La multitud partió del Centro de Sociedades Obreras recorriendo las calles de Relatores, Atocha, Trajineros, paseo del Prado y calle de Alcalá hasta el cementerio. Resultó un acto grandioso, superando con mucho a los cálculos hechos y sin que, como era de esperar, se produjera el menor incidente. En cuanto al número de manifestantes no fue posible calcular los miles que asistieron. Muchos jefes del republicanismo figuraron a la cabeza del cortejo; entre ellos don Gumersindo Azcárate. Cuando las primeras banderas entraban en el Cementerio del Este, las últimas estaban todavía en la Puerta de Alcalá. Los coches transportando las coronas eran numerosísimos. Los delegados de orden, nombrados por los mismos obreros, trabajaron admirablemente.
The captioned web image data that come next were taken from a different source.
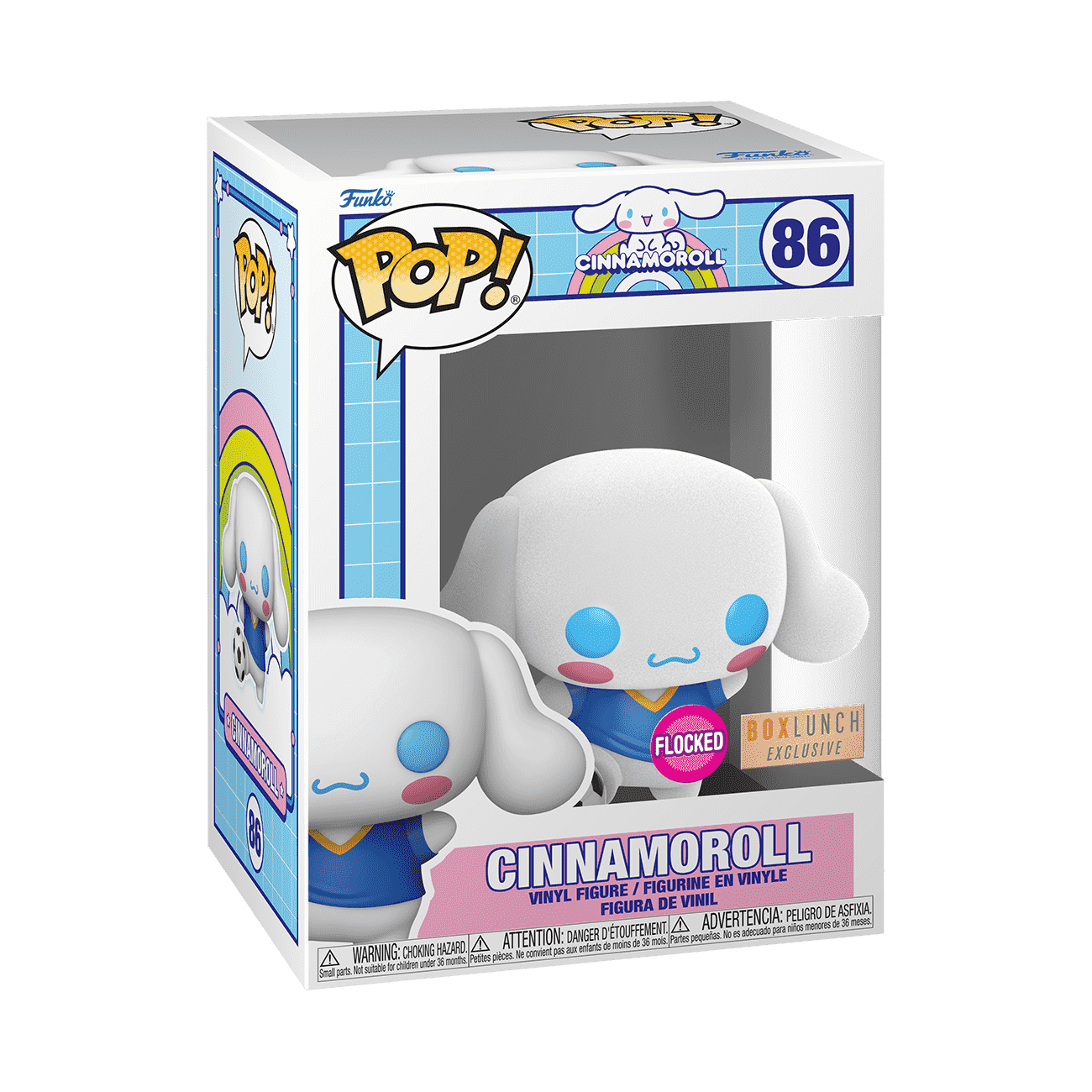POP! Sanrio | Cinnamoroll with Soccer Ball (Flocked) | Hello Kitty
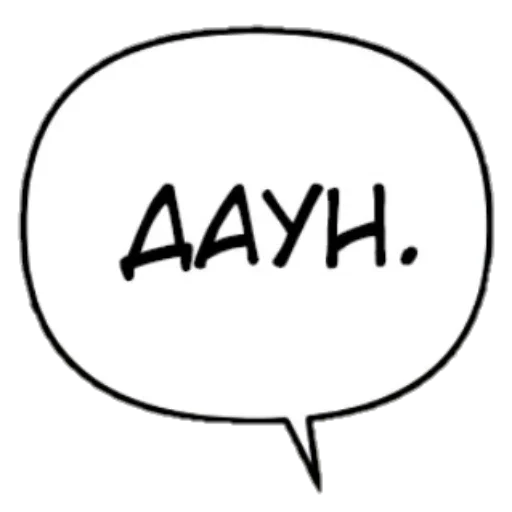 🫠 Стикер «Бублики» для Telegram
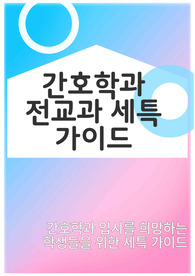 간호학과 입시를 꿈꾸는 학생들을 위한 전교과 세특 가이드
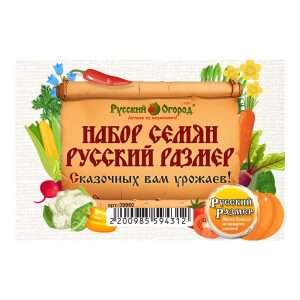 Русский Размер: Обзор, выращивание и секреты успеха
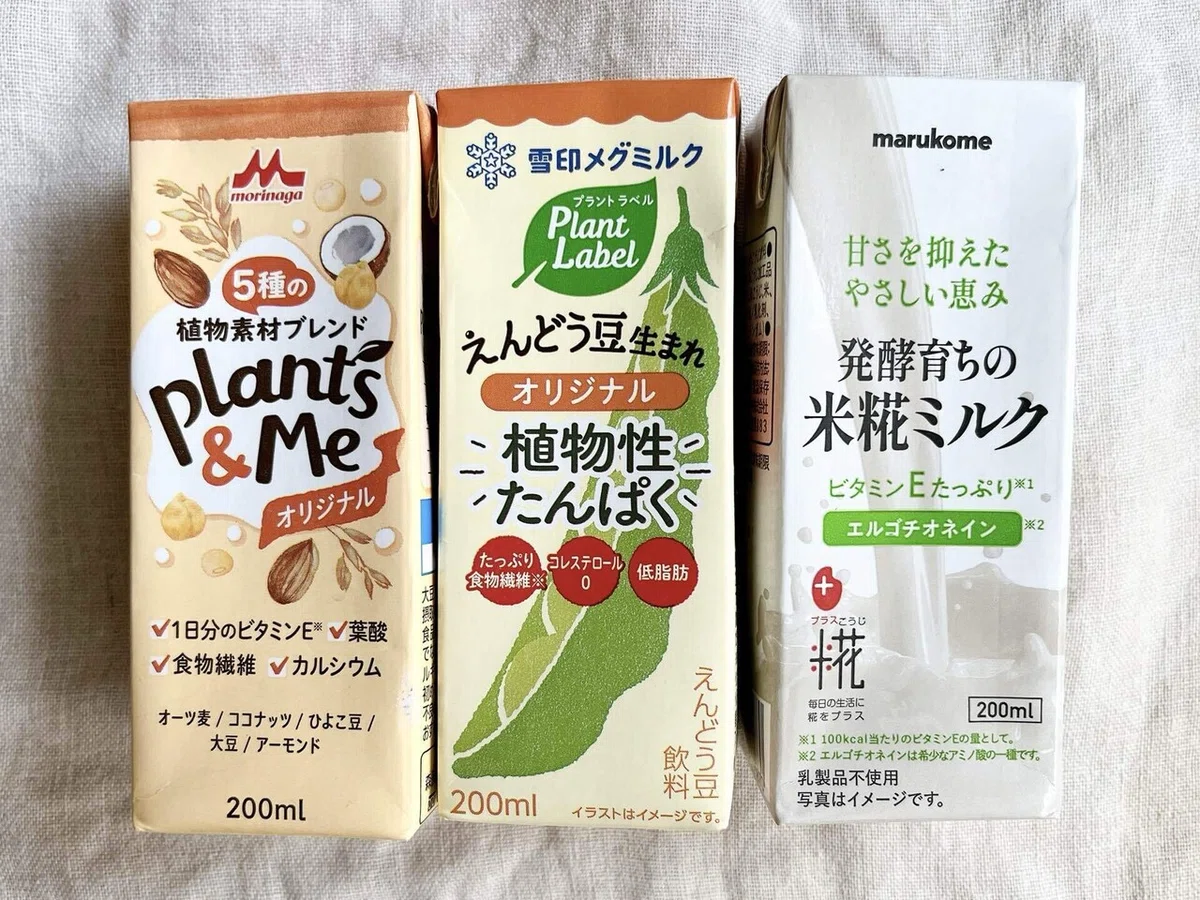 Plant-based and Japanese-born! Nutrient-rich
Al día siguiente los obreros se reintegraron al trabajo, satisfechos de haber cumplido su deber, habiendo demostrado una gran capacidad política, cultural, de organización poco común, reconocido así y declarado por sus propios enemigos de clase. Al mismo tiempo conquistaron gran autoridad entre los gobernantes y la opinión pública, que les sirvió para que en lo sucesivo ejercieran libremente el derecho de manifestación en la vía pública.
Dispénseme la extensión que he dado a este asunto, pero he considerado necesario y conveniente hacerlo así, con objeto de recordar un acto que honra a los trabajadores madrileños y a los españoles en general y que, sin explicarnos el porqué, ha sido, como otros, relegado al olvido.
Berlín. Cuartel General de la Comandancia del Ejército ruso de ocupación. 16 de mayo de 1945. Francisco Largo Caballero.